Он улыбнулся. Вот такое оно и есть, счастье. Прошло всего несколько часов, а Вика уже не понимала: что это вдруг встало между нею и Витькой, почему? Ни разу за полгода, прожитых в Оксфорде, он не сказал, что ему там плохо, что он обижен на нее, что хотел бы вернуться домой. Да не то что не сказал – он об этом и не думал, она бы почувствовала, если бы думал, она всегда чувствовала такие вещи, и теперь это не изменилось.
«Он просто растерялся при встрече, – подумала Вика. – И я растерялась. Что мы, проще кошки? Она вон и то стресс переносит странно, а мы тем более».
От этой смешной мысли ей стало весело и легко.
– Может, пока котенок под капельницей, домой не пойдем? – спросила она. – Посидим в кафе, посмотрим на улицу. Я иногда так сижу, смотрю, что-то про людей придумываю – какие они, что им важно, что нет… Мне интересно.
– Мне тоже, – кивнул Витька. – Пойдем в кафе.
Кафе, в которое они зашли, оказалось какое-то артистическое, вернее, цирковое: на стенах висели старинные фотографии Цирка на Цветном и циркачей – воздушных гимнасток в блестящих юбочках, дрессировщиков со львами, канатоходцев на канатах и жонглеров с горящими факелами.
– Только есть не будем, – сказал Витька, когда они уселись за столик. – Чаю выпьем, и все.
– Почему? – удивилась Вика. – Ты ведь не успел пообедать.
– Но ты же обед приготовила, – объяснил он. – Мы вернемся и его съедим.
Вика расхохоталась.
– Представить не могла, что ты станешь таким рациональным европейцем! – воскликнула она.
– А англичане считают, что они не европейцы. – Витька смутился.
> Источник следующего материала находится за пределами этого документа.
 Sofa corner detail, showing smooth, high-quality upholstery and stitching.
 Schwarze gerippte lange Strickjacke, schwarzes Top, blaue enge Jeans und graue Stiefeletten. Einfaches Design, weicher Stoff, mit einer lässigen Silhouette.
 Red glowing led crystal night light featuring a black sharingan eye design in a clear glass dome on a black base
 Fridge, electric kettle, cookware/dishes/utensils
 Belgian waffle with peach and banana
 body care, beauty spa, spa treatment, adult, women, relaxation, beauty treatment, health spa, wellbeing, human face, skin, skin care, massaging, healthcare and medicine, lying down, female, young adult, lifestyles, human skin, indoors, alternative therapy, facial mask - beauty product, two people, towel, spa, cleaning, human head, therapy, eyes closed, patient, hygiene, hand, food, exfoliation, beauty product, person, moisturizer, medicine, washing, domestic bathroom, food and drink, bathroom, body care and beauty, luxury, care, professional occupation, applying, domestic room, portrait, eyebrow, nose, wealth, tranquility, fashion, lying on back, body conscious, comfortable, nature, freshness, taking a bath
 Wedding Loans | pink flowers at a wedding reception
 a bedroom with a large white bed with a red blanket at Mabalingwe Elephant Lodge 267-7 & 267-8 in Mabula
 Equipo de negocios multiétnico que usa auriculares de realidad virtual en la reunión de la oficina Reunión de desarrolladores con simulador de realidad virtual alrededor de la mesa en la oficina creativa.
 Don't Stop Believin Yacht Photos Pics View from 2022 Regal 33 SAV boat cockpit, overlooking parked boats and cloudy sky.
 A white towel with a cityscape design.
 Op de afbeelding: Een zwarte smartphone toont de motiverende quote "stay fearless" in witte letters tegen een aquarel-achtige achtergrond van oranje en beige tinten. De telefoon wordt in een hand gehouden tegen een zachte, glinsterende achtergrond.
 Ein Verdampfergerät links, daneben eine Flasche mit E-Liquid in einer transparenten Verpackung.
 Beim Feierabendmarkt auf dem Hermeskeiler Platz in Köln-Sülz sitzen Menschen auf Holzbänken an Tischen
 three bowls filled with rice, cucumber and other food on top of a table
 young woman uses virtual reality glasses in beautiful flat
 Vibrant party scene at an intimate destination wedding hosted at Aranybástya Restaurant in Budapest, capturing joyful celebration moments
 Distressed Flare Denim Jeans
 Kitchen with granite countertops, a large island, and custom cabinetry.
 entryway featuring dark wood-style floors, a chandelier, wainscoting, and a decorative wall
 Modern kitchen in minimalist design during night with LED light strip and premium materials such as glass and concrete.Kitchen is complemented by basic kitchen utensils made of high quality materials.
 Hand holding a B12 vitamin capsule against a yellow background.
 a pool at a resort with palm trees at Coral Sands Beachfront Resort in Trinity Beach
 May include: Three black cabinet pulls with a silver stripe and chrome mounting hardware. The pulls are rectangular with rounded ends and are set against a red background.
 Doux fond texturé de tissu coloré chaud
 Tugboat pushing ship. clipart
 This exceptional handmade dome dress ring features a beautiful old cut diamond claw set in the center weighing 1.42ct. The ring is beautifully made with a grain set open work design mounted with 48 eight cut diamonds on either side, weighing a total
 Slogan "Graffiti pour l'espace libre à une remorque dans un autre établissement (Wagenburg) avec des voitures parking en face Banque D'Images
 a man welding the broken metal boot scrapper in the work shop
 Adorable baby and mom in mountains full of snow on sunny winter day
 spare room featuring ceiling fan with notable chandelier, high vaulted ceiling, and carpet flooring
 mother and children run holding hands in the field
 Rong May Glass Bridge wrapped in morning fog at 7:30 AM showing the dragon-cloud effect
Может, подумал, что мама иронически относится к его неожиданной рациональности. – Англия же не континент, а остров.
– Ну и что? Не в географии дело. Я у Довлатова прочитала и ужасно смеялась – как ему сказали, что если напишет хорошую статью в газету, то его премируют поездкой на Запад – в ГДР. А он ответил: разве ГДР – это Запад? Вот Япония – это Запад. Ну и точно так же Англия – это Европа.
По Витькиному лицу она видела, что он не понимает, что здесь смешного, в чем заключается аналогия, и хочет возразить, что Япония – это не запад, а восток, и даже Дальний.
«Ну и ладно, – подумала она. – Может, и хорошо, что он такого юмора уже не понимает».
Перед чаем Вика заказала Витьке морковный фреш. Ее от одного вида морковки передергивало, а он любил, она и дома ему морковный сок выжимала – через марлю, потому что отмыть после этого соковыжималку не представлялось ей возможным.